An examination of how the unsustainable consumption of meat in seventeenth-century Rome both symbolized the extent of papal power and sparked the outbreak of civil war
In 1644 four norcini or pork butchers were accused of killing not pigs, but seven of their fellow citizens, stripping the meat from the bones, then combining it with pig to make sausages, which were then sold to Romans from their shop behind the Pantheon. In the multiple pamphlets describing this supposed crime, the authors of this accusation blamed residents of Rome themselves, who had become so obsessed with meat that they turned a blind eye to such horrendous acts. This fabricated story points to an underlying reality—that in the early seventeenth century, a series of popes dramatically increased the amount of food and wine consumed by Romans, culminating in a per capita consumption of over a pound of meat per day during the reign of Pope Urban VIII (d. 1644).

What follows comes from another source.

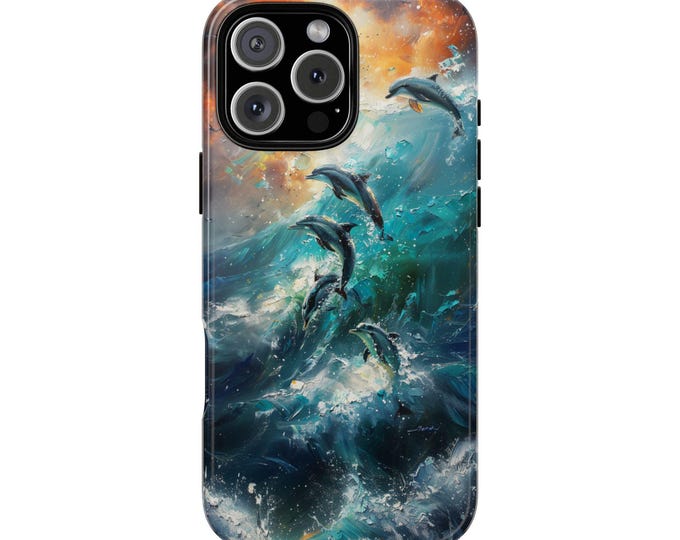 Dolphins Ocean Waves Pastel Phone Case: iPhone, Galaxy, Pixel - Lifetime Warranty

The Barberini Butchers traces the efforts and activities of a range of actors who strove to bring meat to the Roman table. Bradford A. Bouley shows how Rome’s preoccupation with food was the result of papal policy in the aftermath of the Reformation; food, and especially meat, served as religious and political propaganda, symbolizing the correctness of the Catholic faith and demonstrating the extent of papal power. Bouley details the dramatic reorganization of Roman foodways needed to satisfy this demand for meat, as large herds of animals had to be funneled from the countryside to the city. This consumption was ultimately not sustainable, triggering a crisis that fueled sensational rumors of murder and cannibalism and eventually, Bouley contends, sparked the outbreak of civil war, as vassals rebelled against papal oversight.
The Barberini Butchers recovers this significant episode in food, environmental, and cultural history, one that brings early modern politics and history into conversation with concerns over human use of natural resources and consumption of animal products that continue to resonate clearly today.